As exigências, que entram em vigor em novembro, incluem o cadastro online de cada amostra obtida ou estudada —ou seja, cada organismo individual que um pesquisador obtiver na natureza, analisar em museus ou consultar em bases de dados públicas.
Antes de realizar ou publicar qualquer pesquisa, será preciso inserir detalhes sobre a classificação da espécie, o ecossistema onde ela vive e o local exato de coleta (com coordenadas de GPS), tanto no caso de novos estudos quanto para os realizados de 2015 para cá.

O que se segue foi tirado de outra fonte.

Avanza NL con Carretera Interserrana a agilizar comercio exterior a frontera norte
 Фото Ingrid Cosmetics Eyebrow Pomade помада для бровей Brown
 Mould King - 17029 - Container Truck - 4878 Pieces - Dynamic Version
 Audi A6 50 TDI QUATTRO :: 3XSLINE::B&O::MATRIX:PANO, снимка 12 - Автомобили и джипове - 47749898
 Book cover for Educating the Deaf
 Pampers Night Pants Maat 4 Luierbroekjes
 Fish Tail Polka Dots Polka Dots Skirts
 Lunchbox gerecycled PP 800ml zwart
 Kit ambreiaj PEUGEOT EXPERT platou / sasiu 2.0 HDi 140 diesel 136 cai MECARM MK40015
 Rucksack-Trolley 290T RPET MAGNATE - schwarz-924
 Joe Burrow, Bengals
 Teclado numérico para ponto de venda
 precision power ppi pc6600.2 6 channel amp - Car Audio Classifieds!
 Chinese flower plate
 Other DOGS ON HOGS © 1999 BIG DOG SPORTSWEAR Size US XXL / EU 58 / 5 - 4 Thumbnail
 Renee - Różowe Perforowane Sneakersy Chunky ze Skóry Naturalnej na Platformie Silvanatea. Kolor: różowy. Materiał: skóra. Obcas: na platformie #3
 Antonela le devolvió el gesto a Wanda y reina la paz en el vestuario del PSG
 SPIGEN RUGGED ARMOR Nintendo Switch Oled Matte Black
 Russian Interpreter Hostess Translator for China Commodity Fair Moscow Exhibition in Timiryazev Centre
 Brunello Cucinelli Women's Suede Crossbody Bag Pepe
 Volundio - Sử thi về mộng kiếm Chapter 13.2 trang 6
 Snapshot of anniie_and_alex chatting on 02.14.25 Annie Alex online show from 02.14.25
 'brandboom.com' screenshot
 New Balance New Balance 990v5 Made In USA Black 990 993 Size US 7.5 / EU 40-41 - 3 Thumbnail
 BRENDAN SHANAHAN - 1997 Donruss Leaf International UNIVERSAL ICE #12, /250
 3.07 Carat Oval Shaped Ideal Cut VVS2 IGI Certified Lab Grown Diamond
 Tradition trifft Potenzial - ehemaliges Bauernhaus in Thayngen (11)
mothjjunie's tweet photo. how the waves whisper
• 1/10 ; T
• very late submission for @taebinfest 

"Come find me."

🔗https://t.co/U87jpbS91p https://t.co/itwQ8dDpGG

Também haverá mais restrições para a colaboração com cientistas do exterior, que terão dificuldade para consultar coleções biológicas brasileiras —grosso modo, “bibliotecas” com exemplares preservados de seres vivos— caso não estejam formalmente associados a pesquisadores do Brasil.
Para um grupo de pesquisadores que assinou uma carta de protesto contra as novas regras na revista especializada Science, o sistema criado é draconiano e bizantino. “Os políticos do Brasil, o país com a maior riqueza biológica do planeta, continuam a sabotar o objetivo de conhecer e proteger essa riqueza”, acusam os signatários da carta, encabeçados por Flávio Bockmann, especialista em peixes da USP de Ribeirão Preto.
Em artigo nos Anais da Academia Brasileira de Ciências, pesquisadores de quase 40 instituições diferentes afirmam que a legislação, se entrar em vigor, “causará um colapso burocrático da pesquisa em biodiversidade no Brasil”.
“As exigências estão na contramão do desenvolvimento científico e tecnológico do país”, diz Renato Cordeiro, pesquisador da Fiocruz (Fundação Oswaldo Cruz), no Rio.
“A questão é simples e ainda não a vi ser respondida: para que serve mesmo esse cadastro, no caso da pesquisa básica [sem aplicação comercial]? Tudo o que for cientificamente relevante vai estar nas publicações”, argumenta Sandro Bonatto, geneticista da PUC-RS (Pontifícia Universidade Católica do Rio Grande do Sul). “É algo que teria de trazer benefícios novos muito fortes para contrabalançar mais este custo em horas de trabalho dos cientistas.”
Com efeito, os autores do artigo para os Anais da Academia Brasileira de Ciências fizeram uma estimativa de quanto demoraria para cadastrar no SisGen (Sistema Nacional de Gestão do Patrimônio Genético e do Conhecimento Tradicional Associado) apenas as informações sobre o DNA de seres vivos brasileiros depositados no GenBank, principal banco de dados internacional, desde 2015: mais de 7.000 “dias de trabalho”, se forem contabilizados cinco minutos para cada cadastro em jornadas diárias de oito horas.